PROBLEM DETAILS ::
An exact copy of the data is required; the images should not appear in it.

SUPPLIED INFORMATION ::
- - - - -

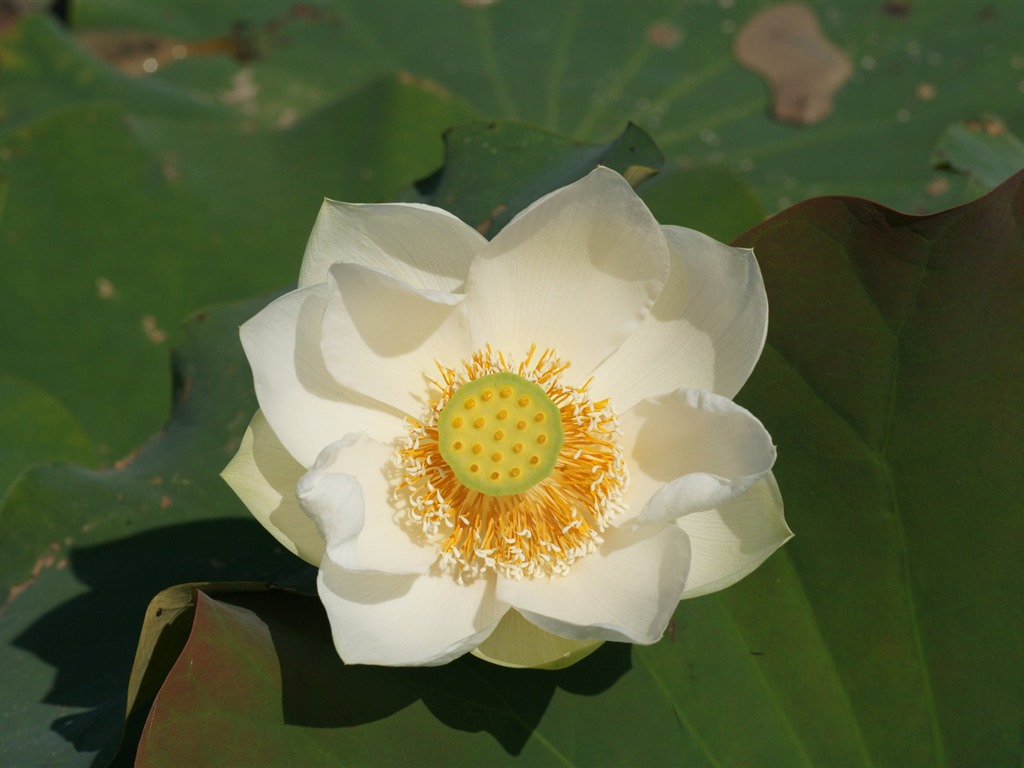 Lotus fondos de escritorio de la foto (1) #13 - 1024x768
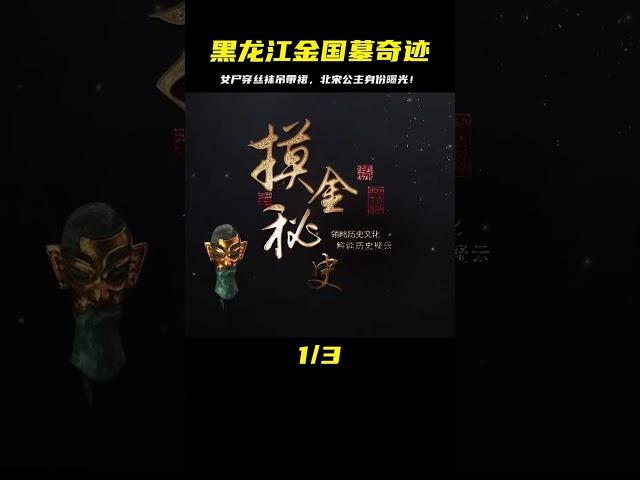 黑龍江挖出金國合葬墓，女墓主身穿絲襪吊帶裙，女子竟是北宋公主 #未解之谜 #考古 #历史 #奇闻 #探秘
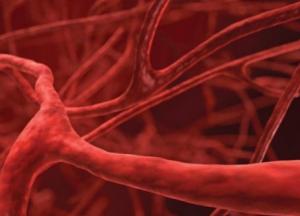 Медики назвали четыре привычки, которые наносят вред сосудам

- - - - -

FINAL ANSWER ::
 Lotus fondos de escritorio de la foto (1) #13 - 1024x768
 黑龍江挖出金國合葬墓，女墓主身穿絲襪吊帶裙，女子竟是北宋公主 #未解之谜 #考古 #历史 #奇闻 #探秘
 Медики назвали четыре привычки, которые наносят вред сосудам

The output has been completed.